## What you need to do
Write out exactly the lines of the entries below from the one holding "Brooks Defyance 14 Herren" to the one holding "28, Elmgrove Road, Bristol photo 4", inclusive, and leave out all other lines.
** Opening Raw data block **
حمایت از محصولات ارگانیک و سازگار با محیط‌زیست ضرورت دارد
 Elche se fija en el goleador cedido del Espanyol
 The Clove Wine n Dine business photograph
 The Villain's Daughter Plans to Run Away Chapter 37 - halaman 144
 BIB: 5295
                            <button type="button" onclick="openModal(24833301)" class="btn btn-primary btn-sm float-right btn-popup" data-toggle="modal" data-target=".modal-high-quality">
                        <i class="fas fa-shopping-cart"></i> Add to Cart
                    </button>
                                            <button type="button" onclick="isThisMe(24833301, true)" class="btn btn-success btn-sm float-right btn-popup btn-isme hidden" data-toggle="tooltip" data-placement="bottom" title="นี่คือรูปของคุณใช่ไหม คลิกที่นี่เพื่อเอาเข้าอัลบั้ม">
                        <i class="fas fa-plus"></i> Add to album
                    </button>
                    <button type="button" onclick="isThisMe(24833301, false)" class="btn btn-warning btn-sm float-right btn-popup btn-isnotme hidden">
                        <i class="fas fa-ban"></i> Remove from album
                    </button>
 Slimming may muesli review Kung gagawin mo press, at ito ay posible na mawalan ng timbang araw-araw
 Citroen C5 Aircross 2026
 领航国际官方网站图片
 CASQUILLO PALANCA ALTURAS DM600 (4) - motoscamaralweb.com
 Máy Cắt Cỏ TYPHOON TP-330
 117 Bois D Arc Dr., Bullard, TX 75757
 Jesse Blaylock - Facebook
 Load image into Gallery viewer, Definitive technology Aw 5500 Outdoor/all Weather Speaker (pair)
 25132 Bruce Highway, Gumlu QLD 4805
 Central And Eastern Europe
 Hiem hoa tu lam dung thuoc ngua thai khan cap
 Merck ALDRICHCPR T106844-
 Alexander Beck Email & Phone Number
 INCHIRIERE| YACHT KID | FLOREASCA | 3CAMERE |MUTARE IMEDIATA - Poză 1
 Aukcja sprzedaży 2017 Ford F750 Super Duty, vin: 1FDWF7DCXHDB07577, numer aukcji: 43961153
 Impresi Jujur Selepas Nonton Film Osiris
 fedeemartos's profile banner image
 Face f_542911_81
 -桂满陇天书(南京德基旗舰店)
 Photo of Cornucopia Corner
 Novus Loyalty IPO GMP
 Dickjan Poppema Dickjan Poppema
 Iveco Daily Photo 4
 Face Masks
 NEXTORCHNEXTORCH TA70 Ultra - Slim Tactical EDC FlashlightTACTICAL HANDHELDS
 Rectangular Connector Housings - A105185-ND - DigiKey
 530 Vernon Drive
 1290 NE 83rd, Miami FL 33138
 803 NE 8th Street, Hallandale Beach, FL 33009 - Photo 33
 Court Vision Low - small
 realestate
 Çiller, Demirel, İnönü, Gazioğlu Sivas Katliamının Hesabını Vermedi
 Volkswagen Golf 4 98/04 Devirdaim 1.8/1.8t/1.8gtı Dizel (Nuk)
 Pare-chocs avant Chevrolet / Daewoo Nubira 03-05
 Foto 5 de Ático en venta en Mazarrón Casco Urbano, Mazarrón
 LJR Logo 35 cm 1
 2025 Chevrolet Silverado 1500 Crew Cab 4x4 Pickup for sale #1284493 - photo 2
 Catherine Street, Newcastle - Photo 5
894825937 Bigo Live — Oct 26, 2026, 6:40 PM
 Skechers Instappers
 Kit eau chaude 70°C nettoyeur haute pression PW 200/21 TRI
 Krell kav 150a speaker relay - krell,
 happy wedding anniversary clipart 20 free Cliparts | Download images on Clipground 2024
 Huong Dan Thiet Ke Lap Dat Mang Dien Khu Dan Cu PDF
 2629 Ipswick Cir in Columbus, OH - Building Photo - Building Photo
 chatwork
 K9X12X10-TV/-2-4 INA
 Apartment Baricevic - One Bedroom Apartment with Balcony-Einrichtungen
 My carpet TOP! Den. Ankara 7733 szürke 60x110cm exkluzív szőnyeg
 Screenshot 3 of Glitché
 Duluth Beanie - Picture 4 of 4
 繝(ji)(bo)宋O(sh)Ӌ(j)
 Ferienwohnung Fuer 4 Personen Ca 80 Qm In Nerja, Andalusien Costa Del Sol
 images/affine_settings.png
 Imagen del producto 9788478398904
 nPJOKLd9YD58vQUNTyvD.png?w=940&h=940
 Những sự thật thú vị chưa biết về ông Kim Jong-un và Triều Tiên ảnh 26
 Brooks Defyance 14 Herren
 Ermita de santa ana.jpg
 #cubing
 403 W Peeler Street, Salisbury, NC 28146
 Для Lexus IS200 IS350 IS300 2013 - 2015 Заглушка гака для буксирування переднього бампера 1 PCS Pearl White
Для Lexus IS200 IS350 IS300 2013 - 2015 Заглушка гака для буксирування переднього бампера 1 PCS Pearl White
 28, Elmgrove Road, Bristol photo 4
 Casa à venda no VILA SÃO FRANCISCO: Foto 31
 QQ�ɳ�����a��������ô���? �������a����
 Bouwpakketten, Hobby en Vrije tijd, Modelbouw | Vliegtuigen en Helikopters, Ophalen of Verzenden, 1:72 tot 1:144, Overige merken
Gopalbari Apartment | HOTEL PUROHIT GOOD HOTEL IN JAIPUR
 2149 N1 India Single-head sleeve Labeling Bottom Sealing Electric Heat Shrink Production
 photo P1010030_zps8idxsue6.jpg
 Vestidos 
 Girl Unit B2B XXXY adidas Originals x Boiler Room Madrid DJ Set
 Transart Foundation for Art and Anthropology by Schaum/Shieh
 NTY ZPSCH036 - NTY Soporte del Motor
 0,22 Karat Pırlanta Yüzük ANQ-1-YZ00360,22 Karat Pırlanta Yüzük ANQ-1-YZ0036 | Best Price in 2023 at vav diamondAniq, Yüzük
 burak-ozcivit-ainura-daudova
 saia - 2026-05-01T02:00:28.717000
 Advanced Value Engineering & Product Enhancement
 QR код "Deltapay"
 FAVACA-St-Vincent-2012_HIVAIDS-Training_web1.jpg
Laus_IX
** Closing Raw data block **
## Written reply
 Brooks Defyance 14 Herren
 Ermita de santa ana.jpg
 #cubing
 403 W Peeler Street, Salisbury, NC 28146
 Для Lexus IS200 IS350 IS300 2013 - 2015 Заглушка гака для буксирування переднього бампера 1 PCS Pearl White
Для Lexus IS200 IS350 IS300 2013 - 2015 Заглушка гака для буксирування переднього бампера 1 PCS Pearl White
 28, Elmgrove Road, Bristol photo 4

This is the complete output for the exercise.